Peyton Randolph was made speaker; and Mr. Nicholas, who had been already appointed in May treasurer ad interim, by Governor Fauquier, was elected to that post by the assembly.
Lewis Burwell, George Wythe, John Blair, Jr., John Randolph, and Benjamin Waller were appointed to examine the state of the treasury. The deficit of the late treasurer exceeded one hundred thousand pounds. Mr. Robinson, amiable, liberal, and wealthy, had long been at the head of the aristocracy, and exerted an extraordinary influence in political affairs. He had lent large sums of the public money to friends involved in debt, especially to members of the assembly, confiding for its replacement upon his own ample fortune, and the securities taken on the loans. Mr. Wirt says that at length, apprehensive of a discovery of the deficit, he, with his friends in the assembly, devised the scheme of the loan-office the better to conceal it.
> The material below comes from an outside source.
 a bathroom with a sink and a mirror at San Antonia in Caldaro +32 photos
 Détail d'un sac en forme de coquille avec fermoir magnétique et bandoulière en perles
The entire amount of the defalcation was eventually recovered from the estate of Robinson, which was sold in 1770 by Edmund Pendleton and Peter Lyons, surviving administrators.[547:A] Burk attributes Robinson's death to the mortification that he suffered on account of his defalcation. Bland and Nicholas, in their letters addressed to Richard Henry Lee, allude to it in terms of exquisite delicacy.
The first of the family of Speaker Robinson of whom we have any account was John Robinson, of Cleasby, Yorkshire, England. His son John was Bishop of Bristol, and British envoy at the court of Sweden; he was also British plenipotentiary at the treaty of Utrecht, being, it is said, the last divine employed in a service of that kind. He was afterwards Bishop of London, in which office he continued until his death in 1723. Leaving no issue he devised his real estate to his nephew, Christopher Robinson, who had settled on the Rappahannock. His eldest son, John Robinson, born in 1682, was president of the council. He married Catherine, daughter of Robert Beverley, the historian. John Robinson, Jr., their eldest son, was treasurer and speaker, and is commonly known as "Speaker Robinson."[548:A] He resided at Mount Pleasant, on the Matapony, in King and Queen, the house there having been built for him, it is said, by Augustine Moore, of Chelsea, in King William, father of Lucy Moore, one of his wives. Her portrait is preserved at Chelsea; his is preserved by his descendants. His other wife was Lucy Chiswell. He lies buried in the garden at Mount Pleasant.